#### PROVIDED DATA ####

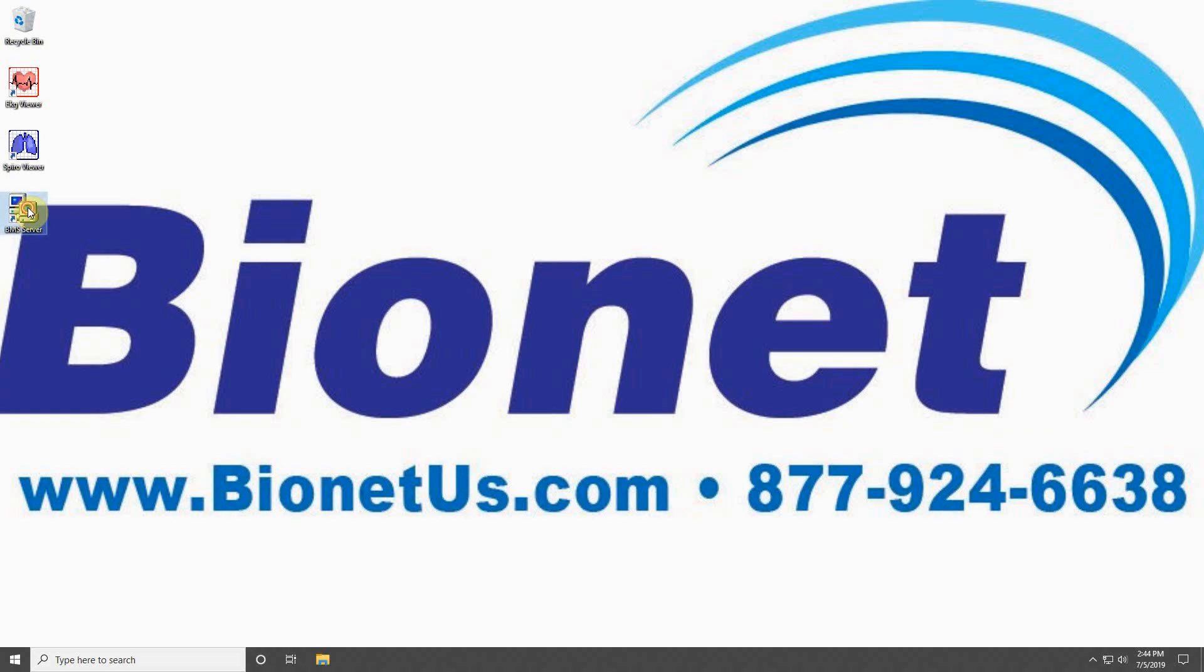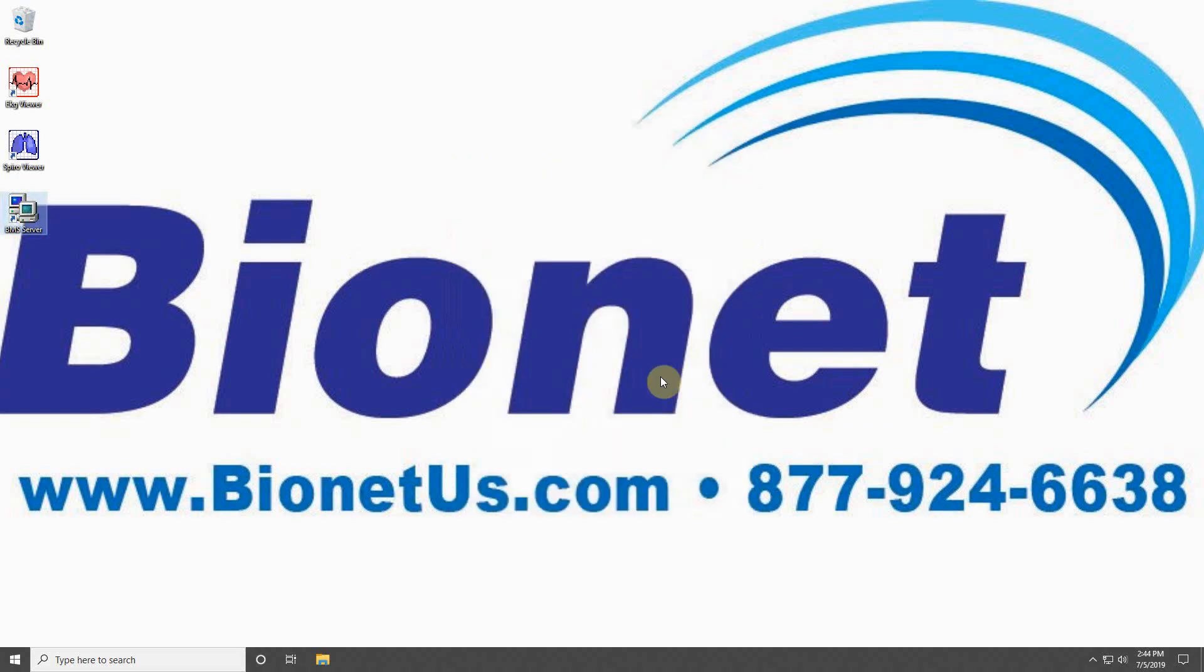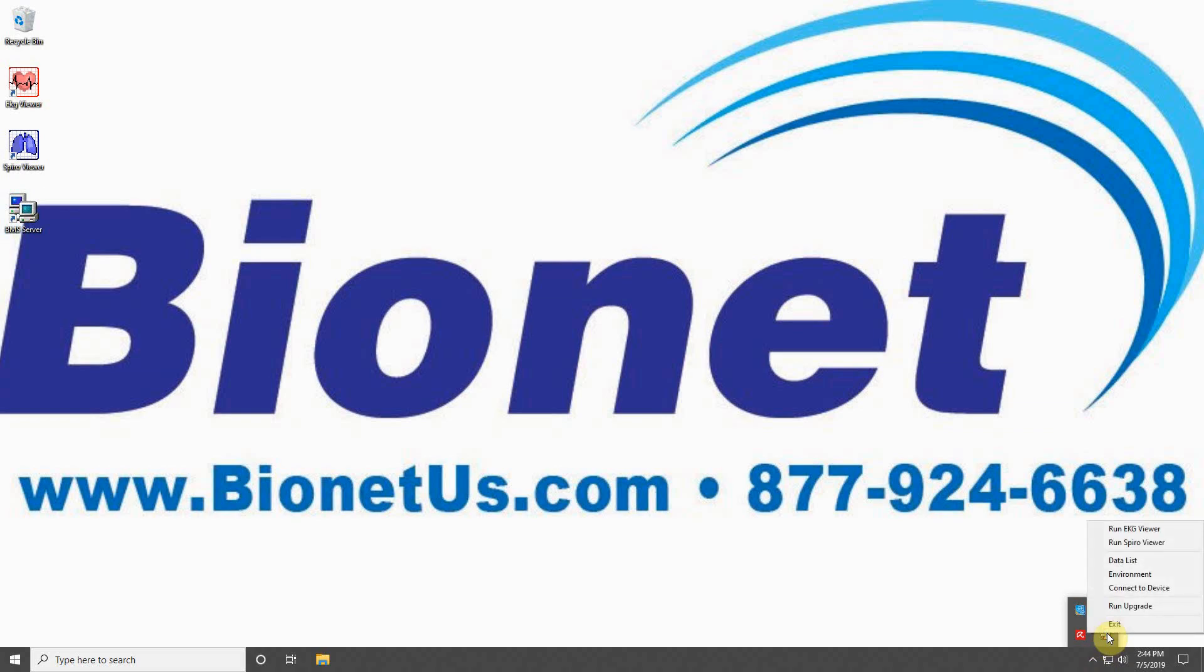Double-click the icon to start the program and open your system tray to find the BMS Server icon. Clicking on this icon will bring up a list of options for the program. Let's start with Environment.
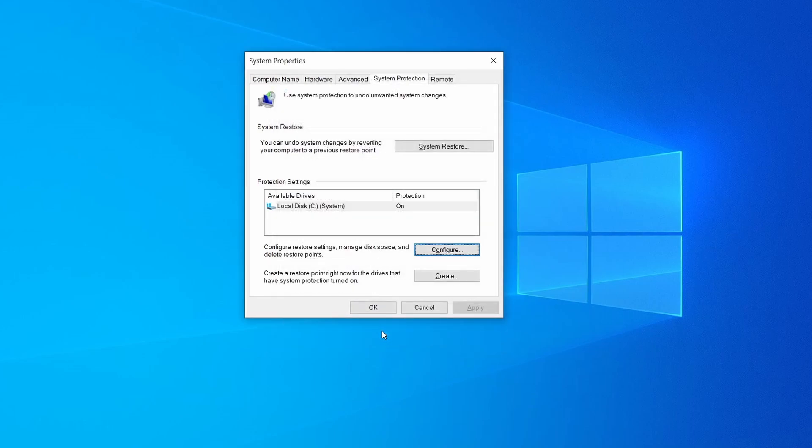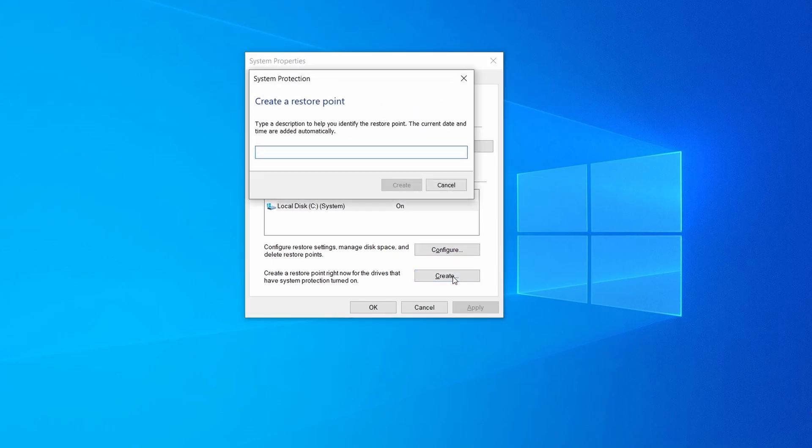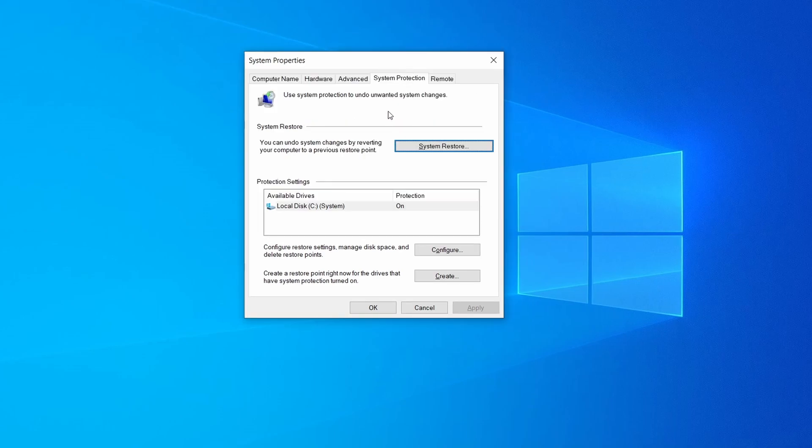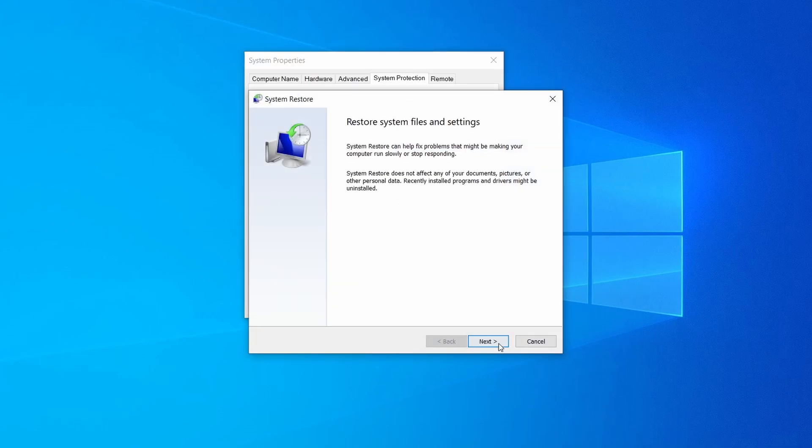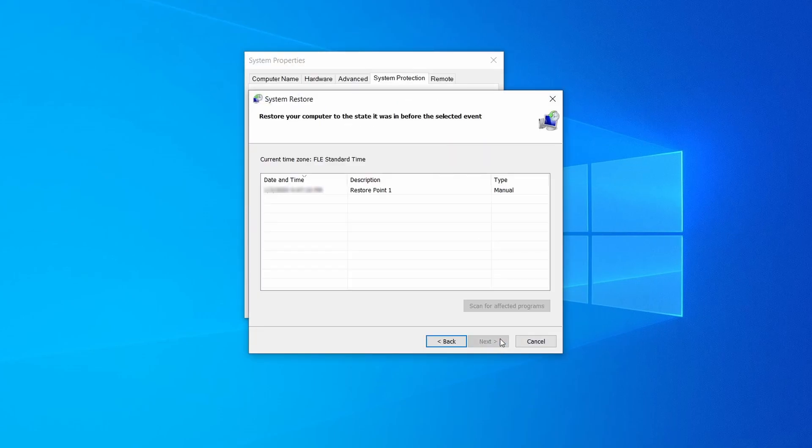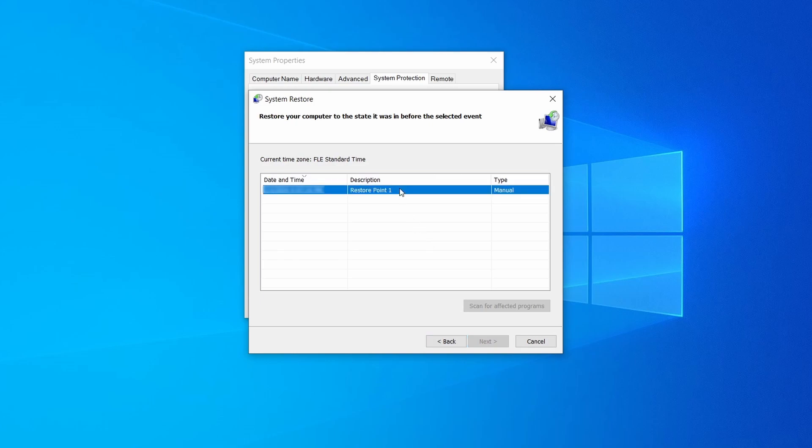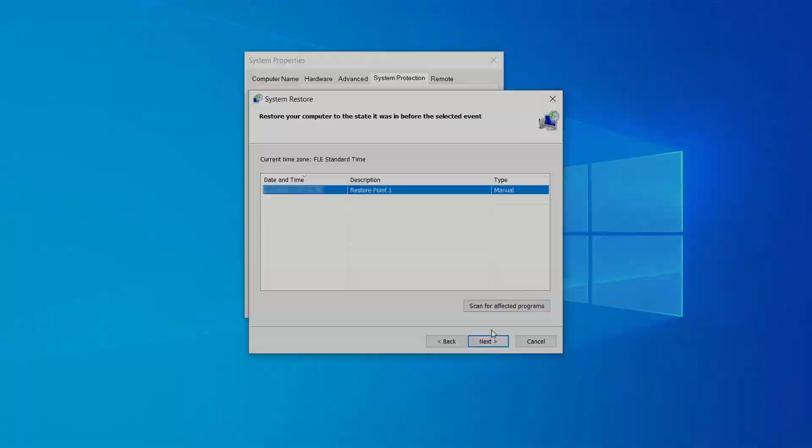Now you can create a system restore point for this drive. To do that, simply click on create, type a name for the restore point, and click OK. If you want to restore a point, simply click on system restore, click next, select the restore point you created, and click next again.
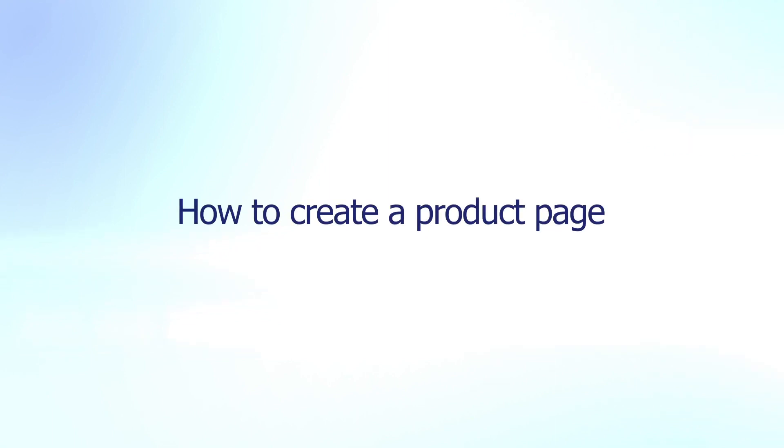Welcome back to our video series to help you create a high converting Shopify store with PageFly. In today's video you'll learn how to create a product page from scratch.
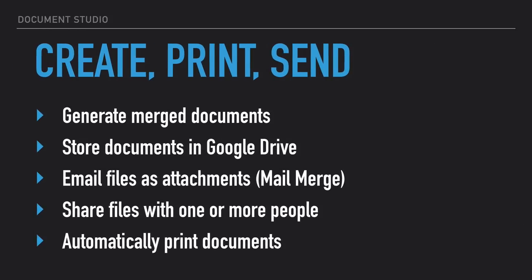You can use Document Studio to generate any type of documents. These documents are automatically stored in your Google Drive in neatly organized folders.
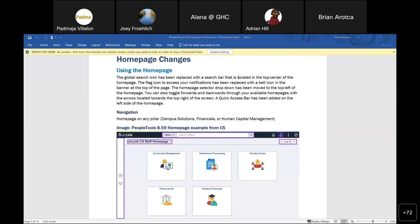Brian will now show the changes in standard mode. I'll be going over the general look and feel changes you can expect to see with the 8.5.9 upgrade once we go live. The login and the portal will remain the same — same process as 8.5.7. Once you get to any applications, whether CS, Finance, or HCM, that's when you'll start to notice the changes. The changes being covered today apply across all three pillars.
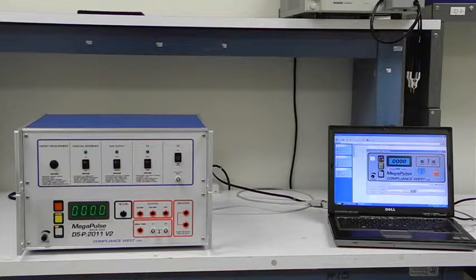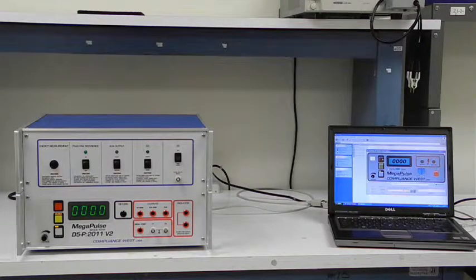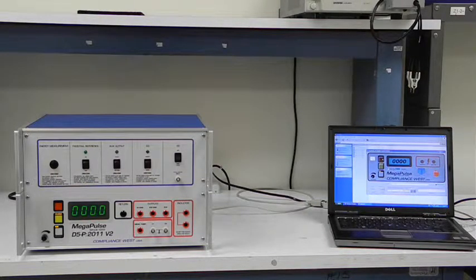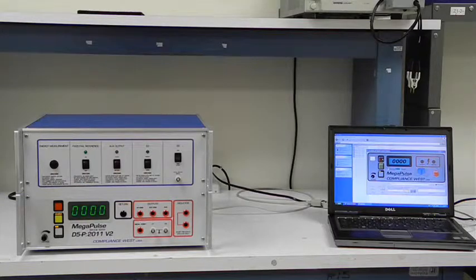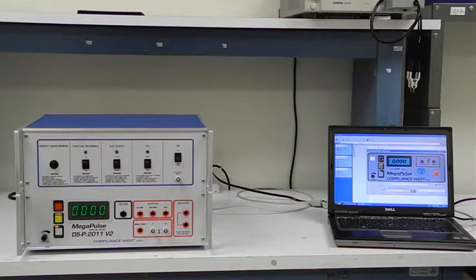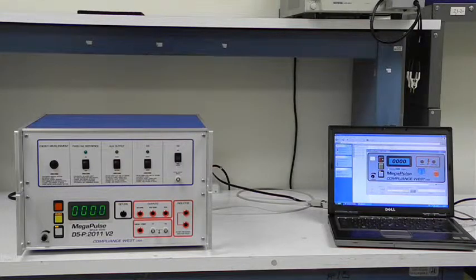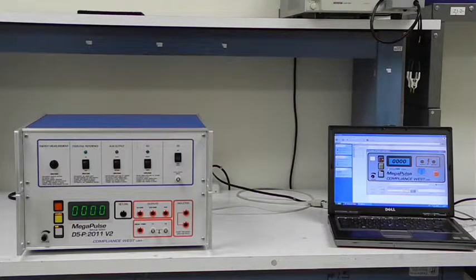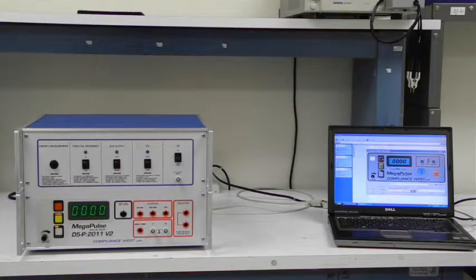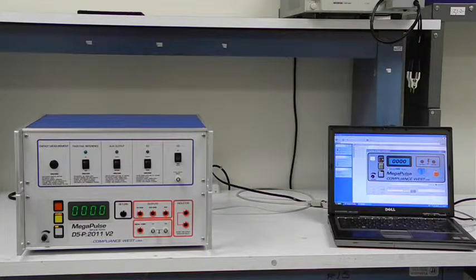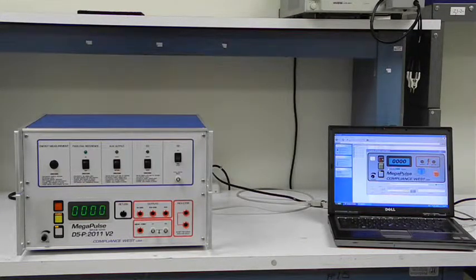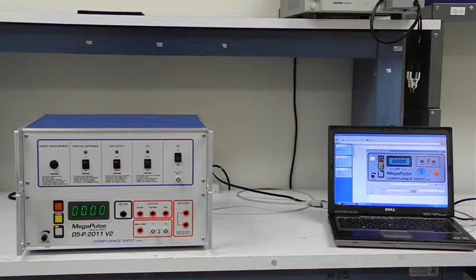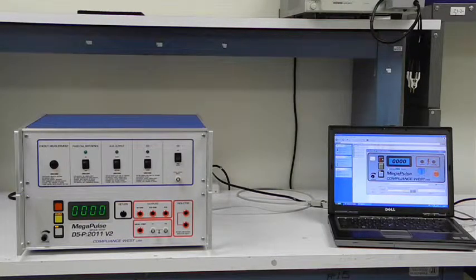In accordance with the requirements of IEC 60601-2-25 and 2-27, the Compliance West D5P 2011 V2 is designed to deliver up to 70 pulses and the 100 ohm resistor will maintain plus or minus 5% accuracy if the time between pulses is held to 30 seconds.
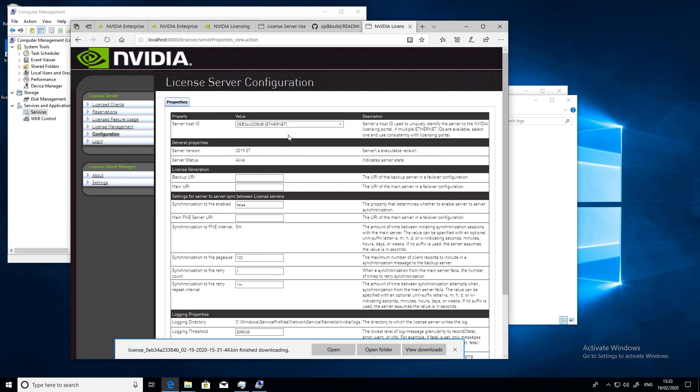So that's it. We now have a running license server. We're now ready to move across to the next step, which is to install the NVIDIA virtual GPU manager software onto your hypervisor. This is covered in our next tutorial.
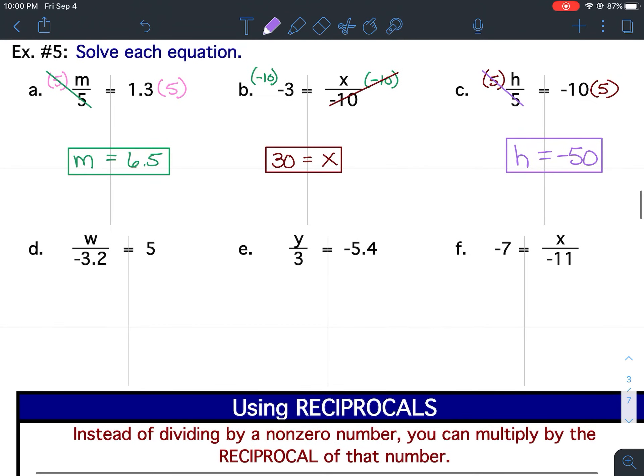That was A through C. Pause your video and do D, E, and F on your own.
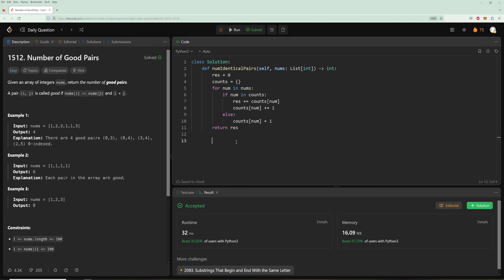For time complexity, we loop through every number once, so that's O(N). Everything inside the loop — the hash map check and update — is O(1). For space complexity, we create a hash map. Worst case, all numbers are unique, giving O(N) space. This trick of incrementally computing combinations in-place is more efficient than calculating factorials afterwards.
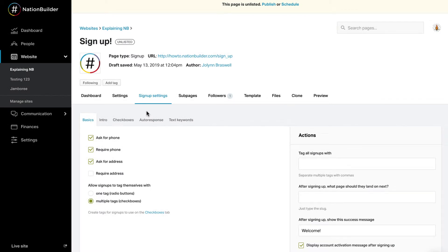Step 2: Sign-up Settings. Select what information you want to collect from your sign-ups by checking the boxes available at Sign-up Settings, Basics. You can ask for or require people who sign up to supply an address and a phone number. Every person who signs up is required to provide an email address. Take a moment to think about what information you're planning to collect. For example, you might require a phone number if you need to reach supporters on the day of an event. But adding requirements will reduce how easy it is to complete the form, which could result in fewer people who sign up.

####

- **TASK ITEM**: In the answer, give only the lines from the top of the data above through the line with "Now you can", reproduced exactly; no picture may appear.

- **EXERCISE RESPONSE**:
Double-click the icon to start the program and open your system tray to find the BMS Server icon. Clicking on this icon will bring up a list of options for the program. Let's start with Environment.
Now you can create a system restore point for this drive. To do that, simply click on create, type a name for the restore point, and click OK. If you want to restore a point, simply click on system restore, click next, select the restore point you created, and click next again.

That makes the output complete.